Governor Ned Lamont delivered his second State of the State
on the first Wednesday in February to a General Assembly bulging with eupeptic
progressives. Democrats have been in charge of the budget writing General
Assembly for the last few decades. It is true in Connecticut, as elsewhere in
the nation, that the governor proposes budgets to the legislature, but it is
the legislature that disposes of budgets, usually in close consultation with
governors of the same party.
Lamont’s State of the State address was launched two days
after President Donald Trump delivered before a bitterly divided U.S. Congress
his State of the Nation address. Trump failed to shake Speaker of the U.S.
House’s proffered hand at the beginning of the hostilities, and Nancy Pelosi
ripped up the presidential signed State of the Union address at the end of the
hostilities, which show no sign of abating.

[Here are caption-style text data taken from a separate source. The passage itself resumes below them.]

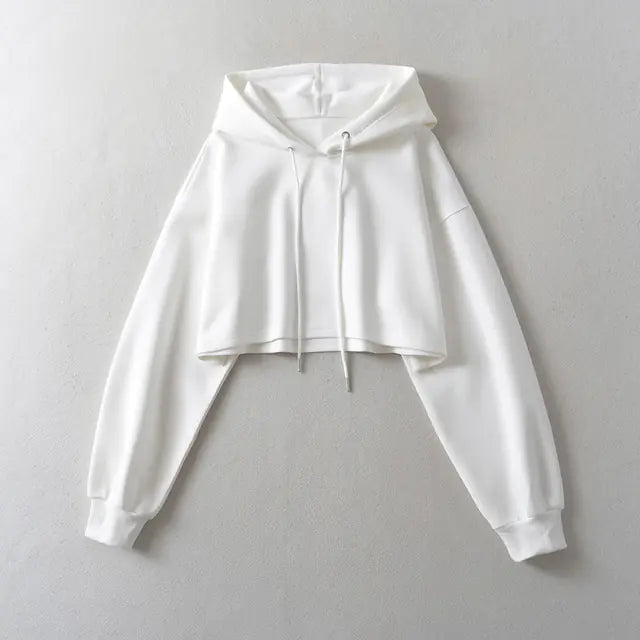 Autumn Drawstring Hooded Pullover Sweater
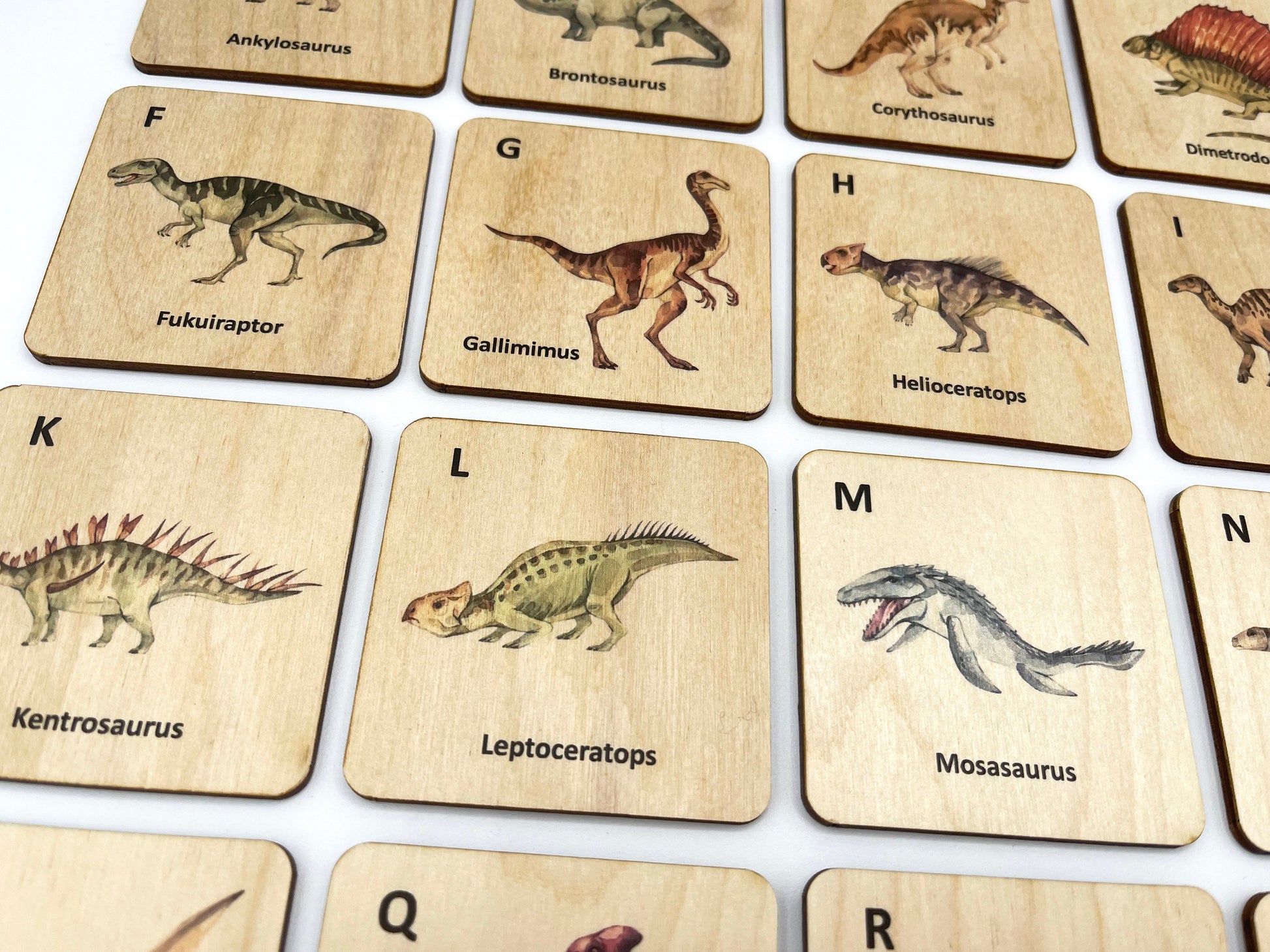 Dinosaur alphabet wooden flashcards/ Montessori Learning Dinosaur activity/ Toddler Kids Dinosaur Lover Toys/ Animals Alphabet Cards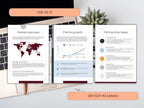 Three document pages displayed over a laptop and desk showing a world map, client growth graphs, and partnership ideas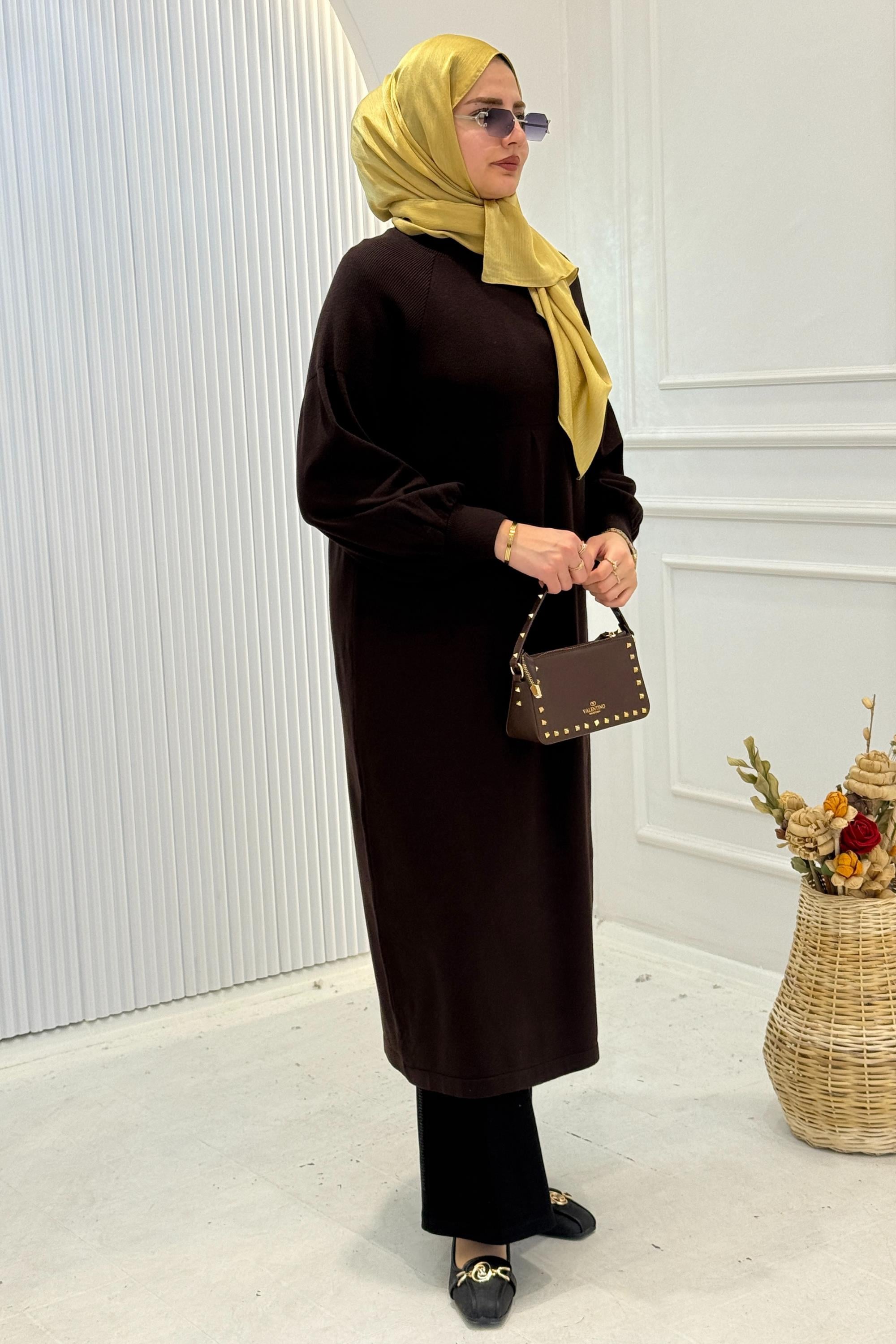 Büyük Beden Örme Triko Elbise Kahve OTW14316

The handshake has an interesting history. It developed in 5th
century Greece as a means of indicating non-hostile relations. An empty, outstretched
hand offered in greeting showed that the greeter was unarmed. In the Middle
Ages, a vigorous handshake was deployed to shake from loose clothing any concealed
weaponry.
Pelosi’s quickly withdrawn outstretched hand concealed no
dagger because the downward thrust of the Democrat’s impeachment bill was still
to be deflected by Republicans. It is uncertain that the end of the process, a
dismissal of the bill of impeachment by the Republican controlled Senate, will
end attempts by Democrats to force Trump from office and so symbolically repeal
the president’s 2016 election victory over an aggrieved Hillary Clinton. Pretty
much everyone, including Trump, thinks the Democrats will be back at the same
corner, should Trump win re-election in ten months, hawking the same
impeachment elixir.
In Connecticut, there is no such deadly animosity between
Democrats and Republicans, possibly because Democrats have been ruling the
roost in the General Assembly for a good long while, longer than the young
college age progressives in the state, many of whom are working feverishly to
elevate to the White House the nation’s first socialist president, have been
alive. Familiarity with the run of
things does not breed contempt among Connecticut Republicans; it breeds
familiarity. Over long periods of time, the creaking and worn back benches
begin to feel like plush divans. Republicans in the state have never known how
to campaign. Elections in the northeast are won on social rather than economic
issues.
Democrat leader of the Senate Martin Looney liked the tone
of the State of the State address – upbeat. And Democrat leader in the House
Joe Arisimowicz thrilled to Lamont’s optimism. “I loved the idea of being the
champions of Connecticut,” he said. “At some level, we all raise our hand and
take an oath of office and we’re going to not only observe the Constitution but
we’re going to act in the taxpayers’ behalf. And every time that you say that
you can’t trust government, that’s a direct slap at the people’s trust in the
government. We need to be out there and start talking positively about
Connecticut.”
If majority Democrats were to board a CTFasttrack bus to
Hell, the trip down would be considerably relieved with Lamont as the Devil’s
co-pilot. He has a way of triumphing through shear exuberance over the most
depressing news by inflating himself with gobs of optimism. Three years ago,
Lamont noted, the Wall Street Journal was asking, “What’s the matter with
Connecticut?” But today, after Lamont jaw-jawed the opinion editors of the
Journal, the paper had changed its tone – “The state has dug a deep hole--maybe
it has now stopped digging.”
Lamont’s enthusiasm, we are told by CTMirror, “was briefly rewarded
with a bipartisan standing ovation. “The rest of the country is looking at
our state in a new light — so should you. Optimism is contagious!” Lamont
intoned.
But the hole cannot be conjured away through eupeptic
incantations. The way UP is the same as the way DOWN – only in reverse. And
there is no indication in Lamont’s directional map that the drivers, at long
last, have got the message. If high taxes, burdensome regulations and the
renting out to unelected commissions of the Constitutional getting and spending
obligations of the greatest deliberative body in the state point downwards,
then way up is plain. Reverse everything – control runaway spending, moderate
destructive ambitions, withdraw the crushing tentacles of state management from
a creative and independent marketplace, discontinue investing in failed
processes and invest in successful governance -- and Connecticut will begin to
revive. It will stop digging its own grave.